En España no tenemos un partido de los automovilistas, quizás porque todos lo son. La dialéctica peatón /motorizado tuvo su importancia en los movimientos de humanización urbanística, en aquellos lejanos tiempos de los setenta en que olían a frescura, como las sardinas no enlatadas, los colectivos progresistas —esos sí— de arquitectos o las asociaciones vecinales. Hoy en día, la única dialéctica realmente existente es la de atasco /fluido, un enredo entre automovilistas y automovilistas, con los taxistas, camioneros y conductores de autobús repartiendo coscorrones como Bud Spencer y los mensajeros de correos del Far-West. Incluso cuando se habla de la conveniencia de zonas peatonales, no se hace hincapié en un necesario espacio zoológico para los extraños bípedos, sino en nuevas alternativas comerciales. El problema del tráfico, que parece haber desplazado en el tablero de preocupaciones sociales al paro o al terrorismo, sólo en enfoques excepcionales se analiza desde una perspectiva radical, ecologista, de muda de modelo de vida, de cambio de dioses, por decirlo al modo ferlosiano. El problema del tráfico es un problema de y para los automovilistas. Él, el coche, es el todo y por todos habla. Se trata de resolver cómo los coches pueden ir más rápidos y en mayor número, sin que tengan que atropellar demasiados peatones, algo que resulta desagradable y costoso, sobre todo si el peatón se resiste a morir.

En Suiza sí que existe un Partido de los Automovilistas. Es uno de los fenómenos políticos más curiosos de los últimos tiempos. Otro fenómeno, no tan curioso, por generalizado, es el de la creciente abstención en los procesos electorales. La tasa de participación, de un 80% en 1919, ha ido decreciendo consulta tras consulta, incluso tras la incorporación del sufragio femenino, sobrepasando ahora mismo la abstención (en las elecciones al Consejo Nacional) el 50%. En el libro L'homo politicus à la dérive?, Matthias Finger y Pascal Sciarini señalan que los abstencionistas son ya el "más grande partido" del país, y se preguntan: ¿Van los suizos a continuar apartándose toda vía más del sistema partidario, y si así es, con qué consecuencias?

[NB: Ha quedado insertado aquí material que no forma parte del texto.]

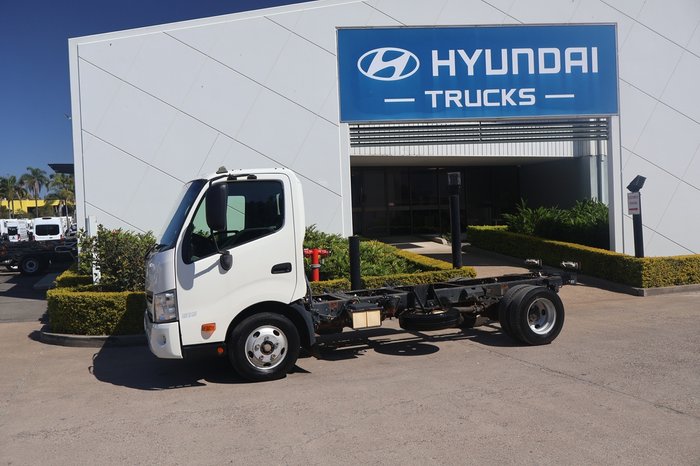 2017 HINO DUTRO 616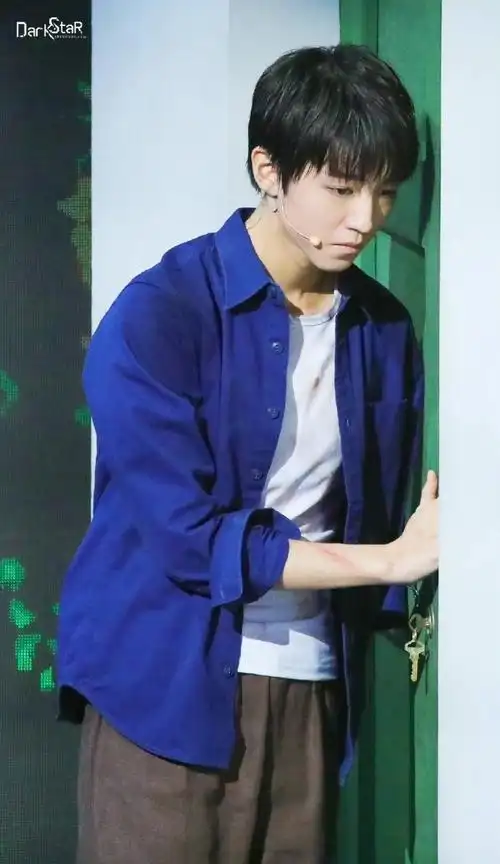 王俊凯24岁生日快乐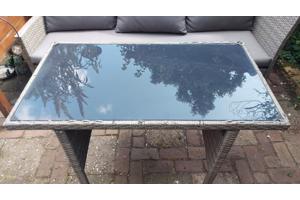 Loungebank en tafel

¿Y qué tiene esto que ver con el coche? La pérdida de votantes afecta a todos los partidos tradicionales. Sólo los nuevos partidos recogen nuevos electores. Una de estas fuerzas es el Partido de los Automovilistas (PA), denominación que seguramente aquí ——y aunque todos nuestros partidos son automovilistas— nos suena a coña marinera, como si se organizase el partido de los reumáticos o de los pescadores fluviales. En las elecciones de septiembre de 1989, el PA obtuvo el 3,6 % de los sufragios, aumentando un punto en relación con los anteriores comicios. La creación del PA —uno de sus lemas es provoiture (a favor del coche) — no es casual. Si hay algún movimiento en claro ascenso y con carácter alternativo en Suiza es el Partido Ecologista, que obtuvo un 12,6% de los votos en 1989 frente a un 5% en 1987. Los tradicionales protagonistas de la dialéctica izquierda /derecha no incorporaron grandes cuestiones que preocupan cotidianamente a los ciudadanos, y así se explica que los votantes del Partido de los Automovilistas se consideran, ideológicamente, mitad por mitad de derechas y de izquierdas. ¿Discuten de política en casa los suizos? Eso fue lo que le pregunté el pasado año, en Lachen, al amigo Stefan. "¡Ah, mucho! Mi hija mayor quiere un coche, y la pequeña se niega a sacar el carné".

Manuel Rivas es periodista y escritor.